This case study was inspired by experimental findings from pilot
measurements which were carried out in a relatively small flat with a wet
central heating system that was controlled by a mechanical room thermostat.
Technical considerations led to some modifications of the heating system during the measurements, one of which was disabling the thermostat's acceleration heating (which is used to raise the temperature of the sensor more rapidly towards the switch-off temperature in order to decrease the room air temperature differential).
The acceleration heating is very important with respect to the boiler switch frequency. In this specific case and given the prevailing environmental conditions, the burner cycle time (burner-on till burner-on) was about 90 times longer when the acceleration heating was disabled.
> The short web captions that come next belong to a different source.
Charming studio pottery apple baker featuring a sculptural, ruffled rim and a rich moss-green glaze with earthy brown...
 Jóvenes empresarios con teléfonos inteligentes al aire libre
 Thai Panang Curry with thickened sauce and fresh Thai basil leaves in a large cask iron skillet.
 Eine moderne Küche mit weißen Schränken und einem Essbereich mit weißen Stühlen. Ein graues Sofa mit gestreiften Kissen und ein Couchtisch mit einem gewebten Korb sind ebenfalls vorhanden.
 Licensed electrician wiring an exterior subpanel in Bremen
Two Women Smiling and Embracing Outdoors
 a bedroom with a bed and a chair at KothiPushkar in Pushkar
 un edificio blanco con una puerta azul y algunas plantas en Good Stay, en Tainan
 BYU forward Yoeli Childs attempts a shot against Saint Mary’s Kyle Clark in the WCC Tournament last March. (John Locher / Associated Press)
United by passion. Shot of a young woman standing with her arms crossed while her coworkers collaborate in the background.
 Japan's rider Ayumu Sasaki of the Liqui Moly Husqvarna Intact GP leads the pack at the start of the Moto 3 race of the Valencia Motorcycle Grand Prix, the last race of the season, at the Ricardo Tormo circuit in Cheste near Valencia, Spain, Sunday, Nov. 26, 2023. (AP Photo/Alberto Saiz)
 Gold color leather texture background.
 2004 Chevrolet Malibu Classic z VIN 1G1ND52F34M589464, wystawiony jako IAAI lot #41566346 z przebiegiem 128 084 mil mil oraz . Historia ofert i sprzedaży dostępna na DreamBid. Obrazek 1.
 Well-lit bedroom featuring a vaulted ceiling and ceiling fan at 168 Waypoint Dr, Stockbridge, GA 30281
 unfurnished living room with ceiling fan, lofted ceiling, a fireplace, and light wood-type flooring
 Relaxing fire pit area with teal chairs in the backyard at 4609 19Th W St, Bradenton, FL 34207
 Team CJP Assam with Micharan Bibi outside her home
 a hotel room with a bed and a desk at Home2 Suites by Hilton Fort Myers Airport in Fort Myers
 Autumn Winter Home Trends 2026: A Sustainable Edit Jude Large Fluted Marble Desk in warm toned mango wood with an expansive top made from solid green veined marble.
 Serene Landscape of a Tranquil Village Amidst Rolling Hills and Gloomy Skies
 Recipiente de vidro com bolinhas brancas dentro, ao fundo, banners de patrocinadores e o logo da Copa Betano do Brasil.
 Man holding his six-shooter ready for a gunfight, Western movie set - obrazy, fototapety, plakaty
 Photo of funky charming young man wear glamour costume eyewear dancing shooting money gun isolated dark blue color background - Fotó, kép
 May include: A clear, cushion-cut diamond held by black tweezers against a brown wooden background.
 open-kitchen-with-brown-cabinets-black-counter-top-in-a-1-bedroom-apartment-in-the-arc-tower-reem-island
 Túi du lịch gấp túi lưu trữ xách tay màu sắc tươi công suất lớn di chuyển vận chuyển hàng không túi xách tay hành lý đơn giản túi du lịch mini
The total burner-on time - for an equal period of time - was approximately 50% shorter, suggesting a strong decrease in fuel consumption. It should be noted however, that in this specific case both the number of cycles per hour (at average heating season conditions ~ 30) and the boiler stand-by heat losses may be regarded as well above average. A longer cycle time also has consequences with respect to the fluctuation of the air temperature. Without the acceleration element the fluctuation of the mean room air temperature during one cycle, is much larger.
For the purpose of this case study the problem was divided into building model and plant model. The modeling focused on heating system performance and relative energy consumption. The model was created to represent the dynamic behavior of the heating system during winter conditions. Consequently, the components of the heating system were modelled in detail, while the building description detail was reduced to the minimum acceptable level. ESP-r was used for the modelling and simulation.
The modelled room is facing due south, and is located at ground level of a reference house for energy related research as described in (NOVEM 1990). It represents a typical Dutch, garden-oriented, terraced house.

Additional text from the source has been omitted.